So, I’m a new broker.  No secret there.  But this week I welcomed my 2nd agent to the fold.  And I must say I am pretty excited.  Which is why I became my own broker – to build a new real estate business in post Katrina land.

Starting out this year it was never my goal to have ‘two agents by mid July.’  Just like the origin of a business deal, I try to manage my growth organically with respect to you never know where it may come from.

So let’s talk organic.  Two years ago I answered a ‘free post’ on craigslist.  Some one, turns out my neighbor around the corner that I didn’t know, was clearing her rear yard of gravel.  I needed gravel for a project I was working on.  Upon responding to the ad - and in the hot summer heat - I slowly shoveled truckload after truckload of gravel.  Shannon was the owner.  We traded ’storm stories,’ I thanked her, and we parted ways.  Shannon has since acquired her agent license and at the beginning of the summer became Villere Realty’s premiere agent.  If I hadn’t needed gravel . . .

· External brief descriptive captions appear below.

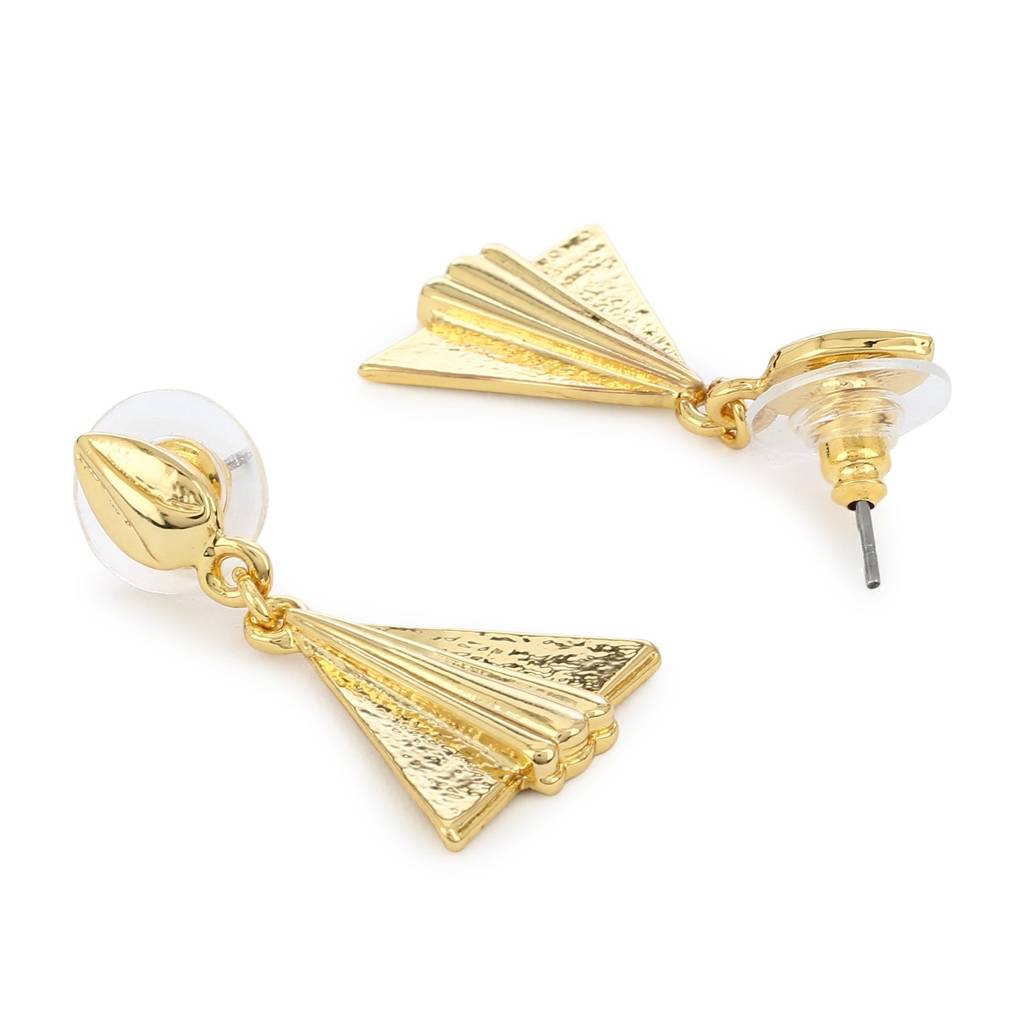 Estele Gold Plated Triangle Shaped Drop Earrings For Girls & Women : 323701ER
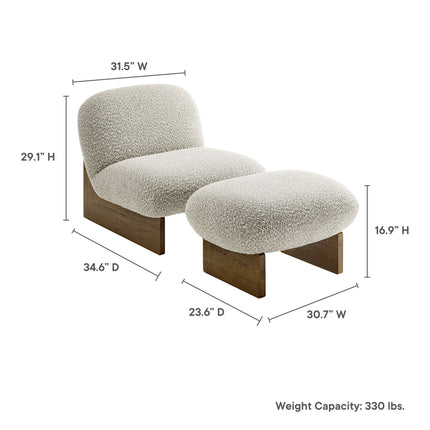 Modway EEI-6988 Loyal Boucle Fabric Accent Chair and Ottoman Set Modway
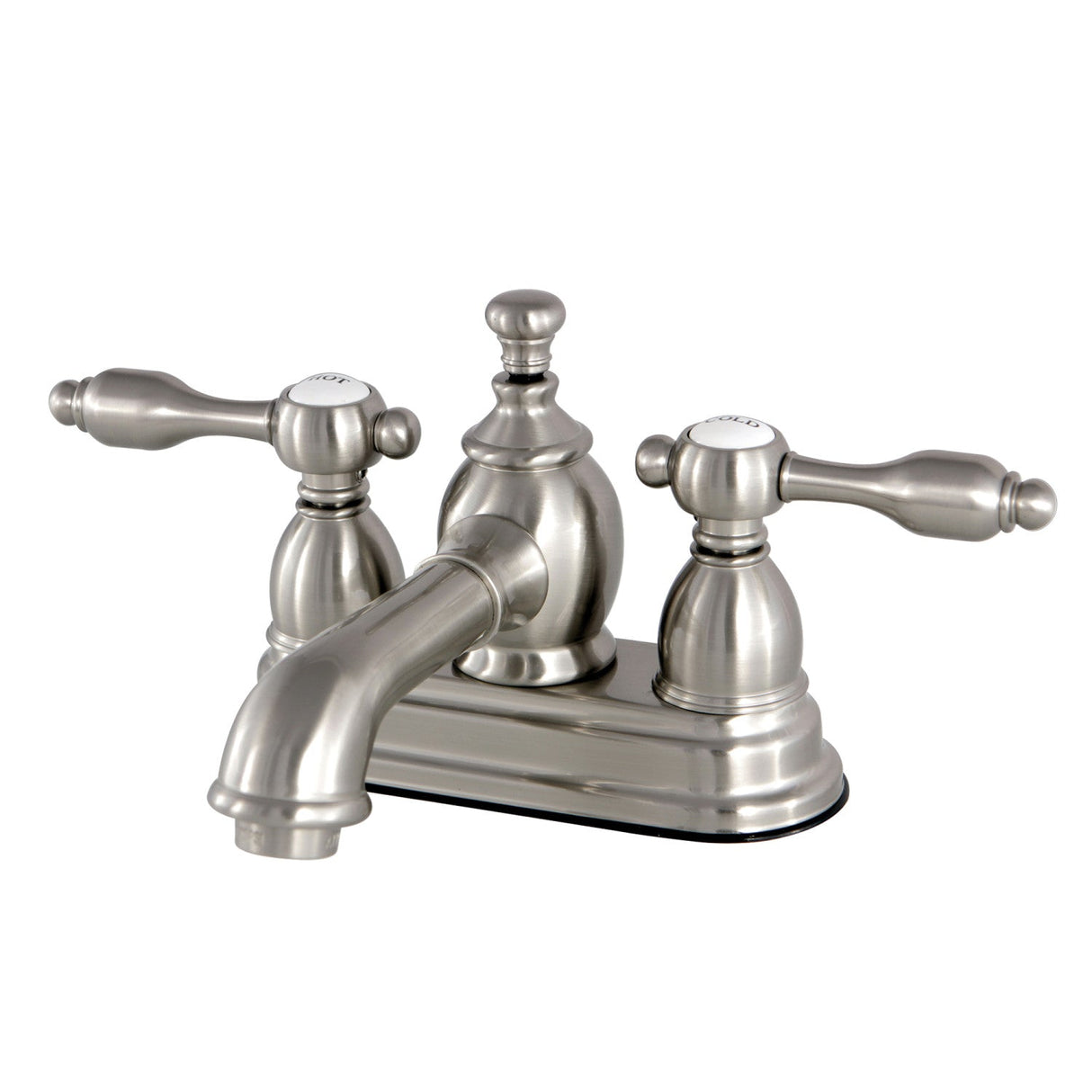 Tudor KS7008TAL Two-Handle 3-Hole Deck Mount 4" Centerset Bathroom Faucet with Brass Pop-Up, Brushed Nickel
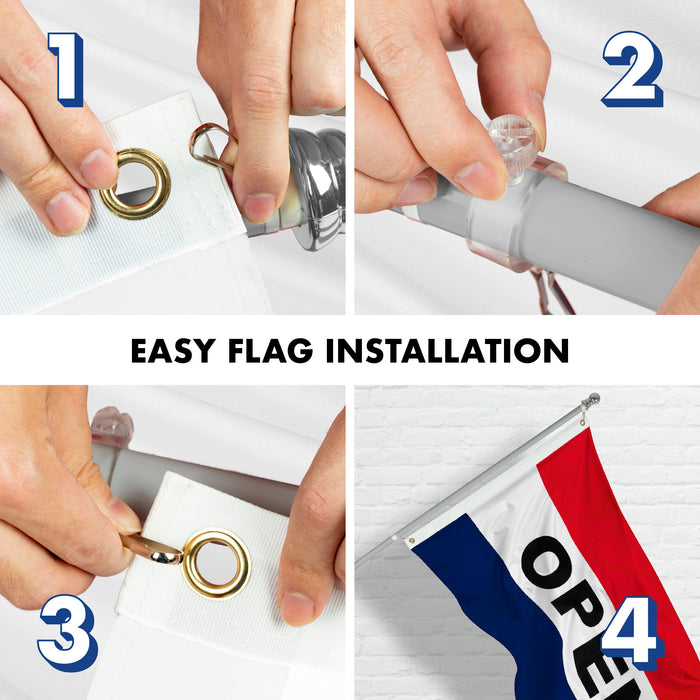 G128 - 6 Feet Tangle Free Spinning Flagpole (Silver) Open Brass Grommets Printed 3x5 ft (Flag Included) Aluminum Flag Pole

And now Emily.  Emily and I have known each other for quite some time.  I first met Emily when I was 18 and serving coffee at PJ’s on Maple St.  Some times I feel as if all roads lead to craigslist – and the PJ’s on Maple St – at least in the years I worked there.  Over time Emily and I have kept tabs on each other, mostly through my having waited on her at the various cafes that were my employer.  Like Shannon, Emily just acquired her license too, and well, here we are.

The takeaway then is my little brokerage has two new agents; should I expect other nubile interests?  Possibly.  Should I expect a well seasoned, top producer from a larger firm to come on board?  I don’t know.  There’s nothing on the radar, but when has that ever been a definitive bead of where a business goes?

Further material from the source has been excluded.